Missouri won’t sign KCMO Superintendent Green’s report card

Stephen Green took the stage at the Paseo Academy September 30 with some sunny news about the Kansas City, Missouri, Public Schools.

“Today, I am proud to say that the state of your Kansas City Public Schools is much stronger, undeniably healthier, that our level of achievement is rapidly increasing and, for the first time in a decade, we are graduating students that are college-, career- and workforce-ready,” said the superintendent in his state-of-the-district speech. “We are truly making it better.”

“Much stronger”? That might be a stretch. 

KCPS is making improvements – just not as rapidly as Green suggests. The district remains far from full accreditation.

It’s understandable that the superintendent wants to cast the most positive light on his school district. It was only a year ago that he had to deliver a somber speech on the same stage, right after KCPS lost its accreditation.

Much more recently, though, was his September 4 presentation to the Missouri Department of Elementary and Secondary Education.

Green and fellow administrators traveled to Jefferson City that day, hat in hand, hoping that the state’s top education official could be swayed into fast-tracking the district back to at least provisional accreditation.

No such luck.

DESE Commissioner Chris Nicastro told Green September 26 that she wouldn’t recommend that the full Missouri Board of Education grant any kind of accreditation to KCPS. 

There’s not much chance that Green was surprised. Missouri recently adopted new education standards that measure a school’s progress in various areas over time. Missouri School Improvement Program 5 (MSIP 5) guidelines call for consistent improvement for at least three years, particularly for unaccredited districts. 
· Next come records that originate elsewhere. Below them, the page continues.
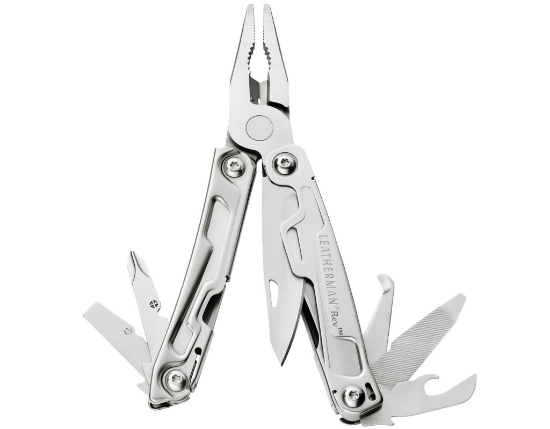 Multitool Leatherman Rev 832130 z rozłożonymi 14 narzędziami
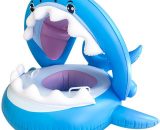 Baby Float Pvc Swimming Pool Toddler Floaties with Inflatable Canopy Shark Infant Pool Float for Kids Aged 6-36 Months 6264946770470 MA-JB-000619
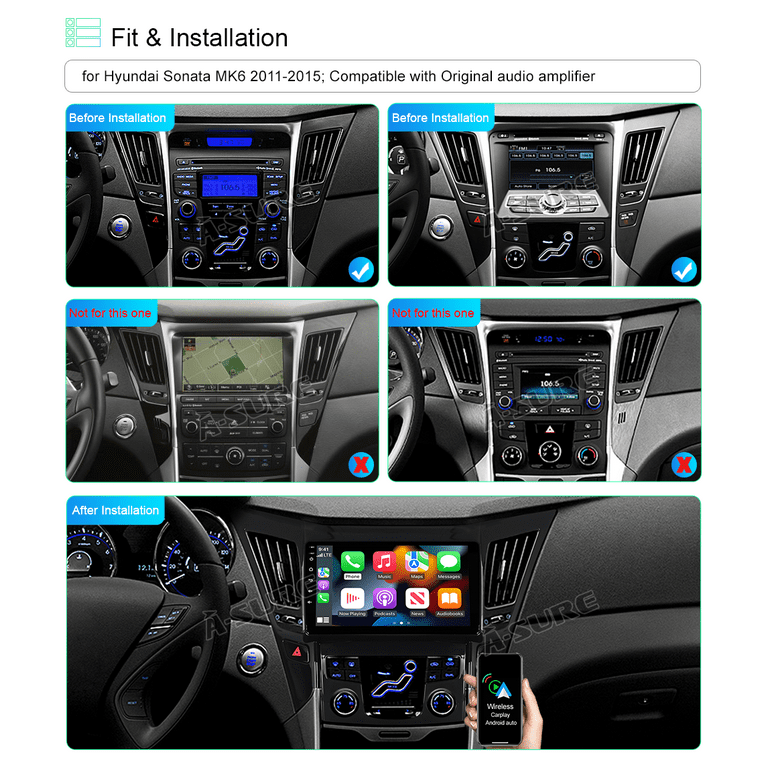 Android Car Stereo For Hyundai Sonata 2010-2015 - 9.7" Touchscreen, Wireless CarPlay, Android Auto, GPS
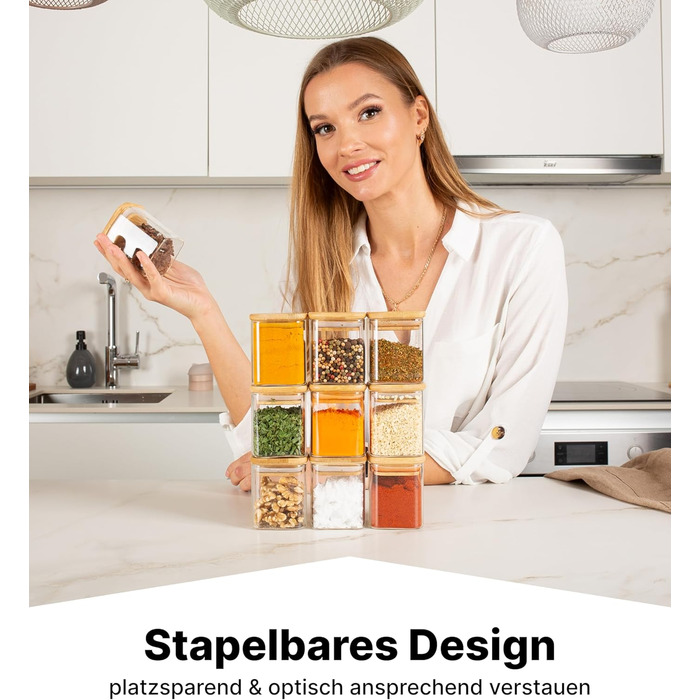 Набір скляних баночок для спецій Deco haus® з дерев'яними кришками (10 шт.) - Набір контейнерів для спецій, баночки для приправ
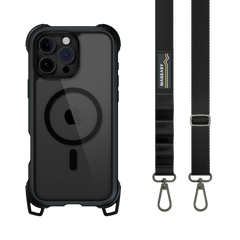 Mageasy iPhone 16 Pro Max Odyssey M +Strap| Magsafe Metal Black/ Black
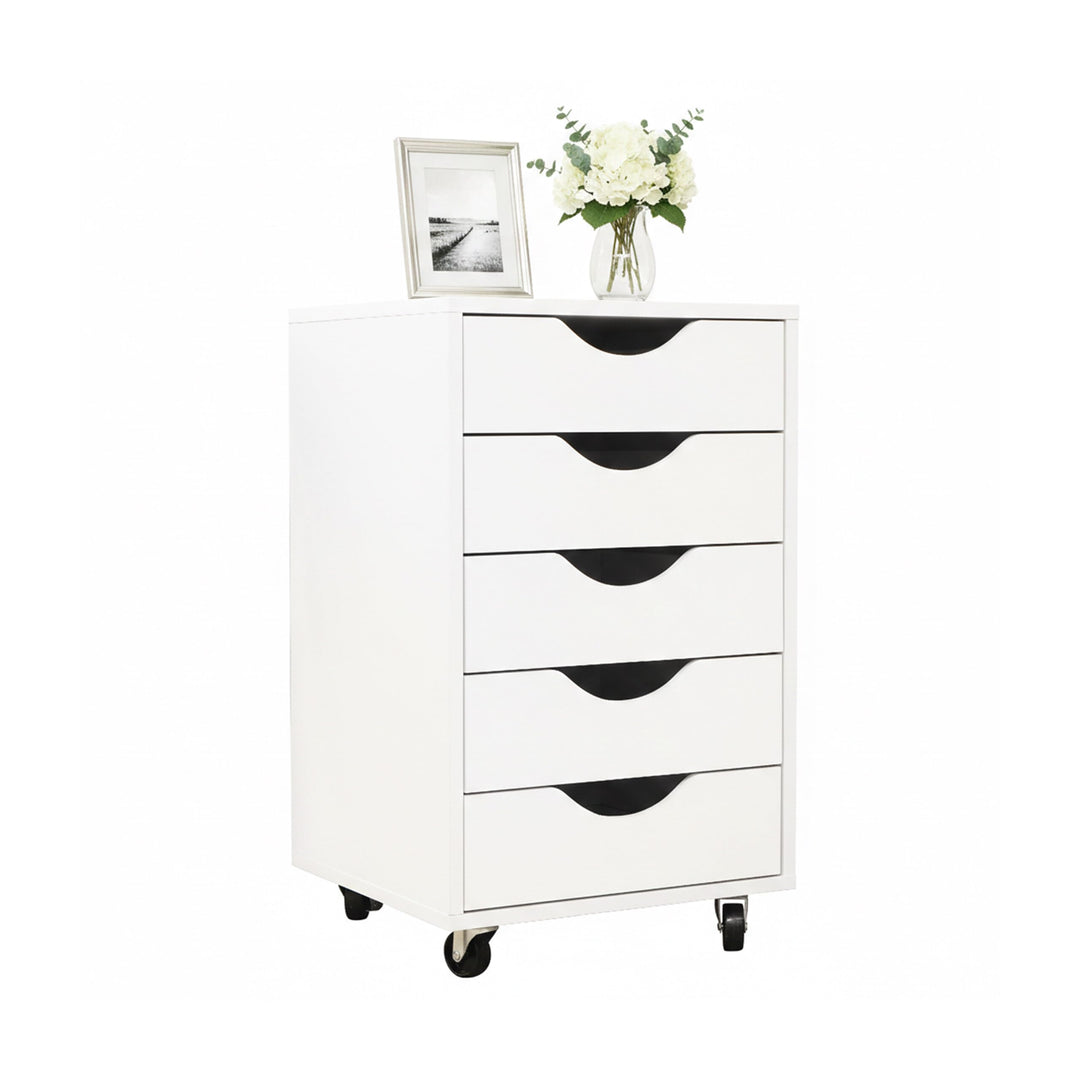 Relaxdays Rollcontainer, 5 Schubladen, HBT: 66,5x40x40 cm, Aktenschrank auf Rollen, Bürocontainer Sc
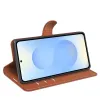 Coque portefeuille Phonesta Litchi Skin pour Samsung Galaxy S26 Plus - Marron 4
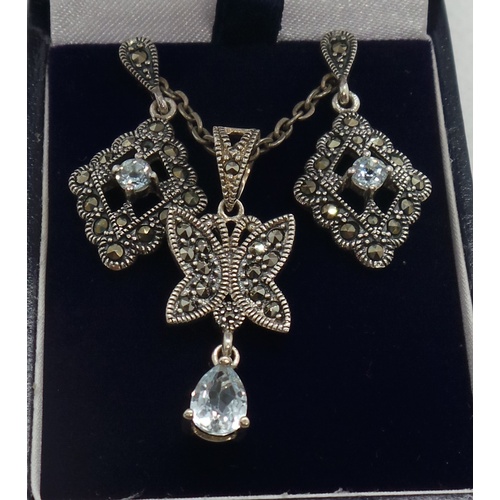 42 - Silver Topaz/Marcasite Suite including Ear Rings and Pendant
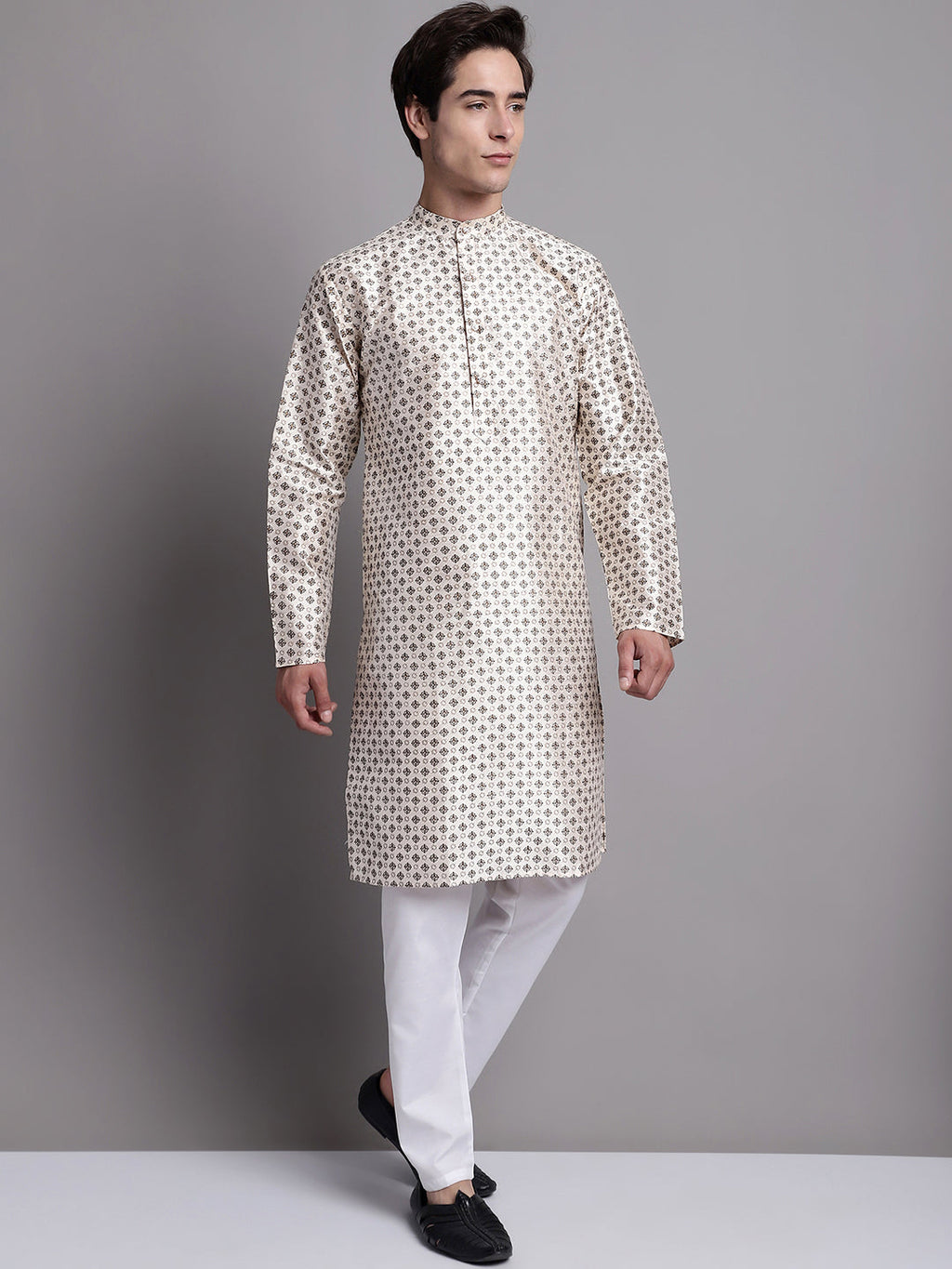 Jompers Men's Grey Printed Silk Blend Kurta Payjama | Grocsy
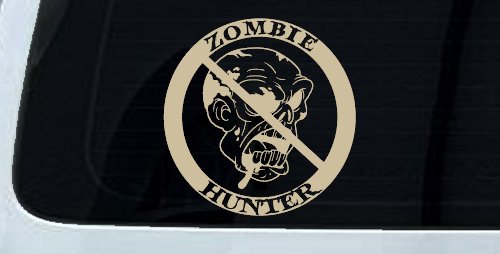 Zombie Hunter Funny Car or Truck Window Decal Sticker (Desert Sand)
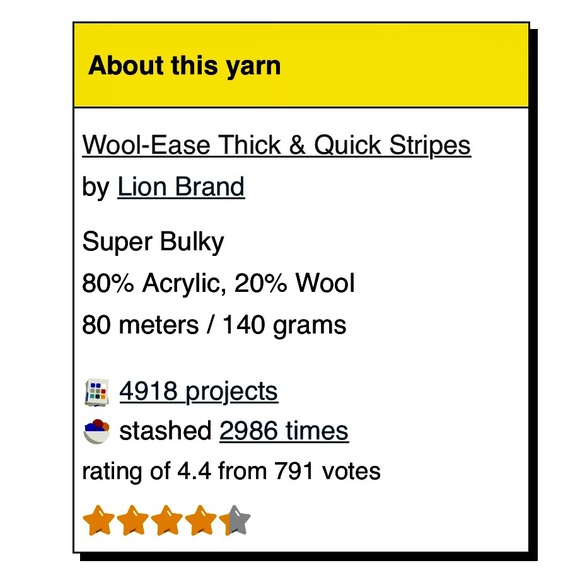 Lion Brand Wool Ease Thick & Quick Stripes wool blend self-striping yarn - Picture 7 of 8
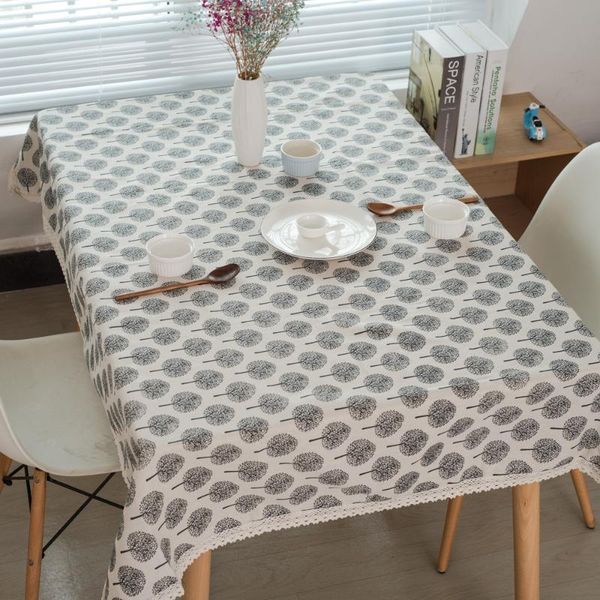 

table cloth lanke cotton linen printing tablecloth with lace,home kitchen decoration dining cover tea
Nicastro found that even combining the old MSIP standards with the new ones, KC’s schools hadn’t hit accreditation standards in two of the past three years. When the district did hit the standard (during the most recent school year), it reached only the provisional accreditation range – a low bar to begin with. Worse, 70 percent of the district’s students were not proficient in each academic area that the state evaluated.

The state also seemed to call out the district for touting its improvement in 2013, an uptick that builds only marginally on what Nicastro called “extremely low results” the prior two years.

Green’s presentation to Nicastro, obtained by The Pitch through a Missouri Sunshine Law request, does its best to reinforce the notion of improvement. But the data don’t support his case. He cites improvements made in areas such as math and communication arts, but none of those core areas reached state standards.

Other areas in which the district wanted to demonstrate improvement, such as school attendance, don’t necessarily lend themselves to academic achievement. Just because a school reports more students sitting in a classroom doesn’t prove that those students are learning anything.

Green was joined by superintendents of neighboring school districts, all of whom wanted to support his efforts to restore accreditation. This was less about helping a fellow colleague than protecting their own interests.

The Missouri Supreme Court last week heard arguments in a case trying to strike down a state law that allows students from unaccredited school districts to transfer to nearby accredited districts.

Green’s district stands to lose the most if justices find that the law passes muster. KCPS would have to pay for those students to go to other districts. And the accredited districts that would absorb a raft of incoming students face their own challenges; such a directive is mostly without precedent and could prove chaotic.

What if, for example, the Center School District, in south Kansas City, which has a current enrollment of 2,500 students, ends up having to take 500 KCPS students? Is there even physical space for that?

Most education observers say the law is on the side of allowing students to transfer, and they expect the Missouri Supreme Court to rule that way. After all, it’s hard to argue against allowing kids to improve their education prospects.